Début des tracas d’Aristide
Inévitablement sept mois après son élection, Aristide était débarqué par l’élite haïtienne, exaspérée apparemment par son trop-plein d’humanité, et remplacé par un militaire, le Lieutenant Général Raoul Cédras. Les Etats-Unis emmenaient le président haïtien en exil dans leur beau pays, dirigé à l’époque par Georges Bush père. Il parait que ce serait justement les Etats-Unis qui auraient téléguidé toute l’affaire. Il parait…

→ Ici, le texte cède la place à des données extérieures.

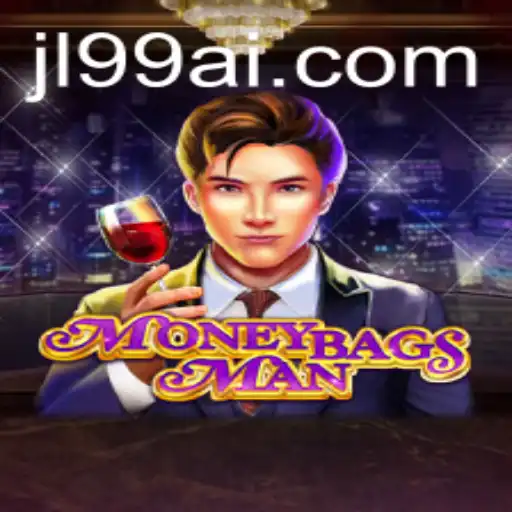 Embark on a Thrilling Adventure with MoneybagsMan: The JL99 Challenge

Naturellement on pourrait à juste titre s’étonner qu’un si petit pays soit une préoccupation pour les Etats-Unis. Mais ce serait un peu vite oublié que le 1% de la population haïtienne très riche avait sans doute des liens de "sang" et d’intérêts au Nord, et surtout qu’un début d’émancipation en faveur de miséreux aurait pu donner des idées à d’autres pays. Et cela, quelque soit la longitude, était impensable.
Ce qui s’était passé quelques années plus tôt au Burkina Faso[2], et dont Paris était l’instigateur, avait d’ailleurs d’étranges ressemblances avec ce putsch, si l’on veut bien admettre que son organisateur était à Washington. Et dans le cas africain, il est n’est pas surprenant de constater que le bénéficiaire de cette expédition sanglante est depuis tenu en haute considération par Paris, tandis qu’à Washington, on ne se fait, même officiellement, aucune illusion sur le personnage. A chacun ses enfants turbulents et comme des presbytes, nos pays riches ne voient bien que ce qui est loin. Le début de la vieillesse sans doute.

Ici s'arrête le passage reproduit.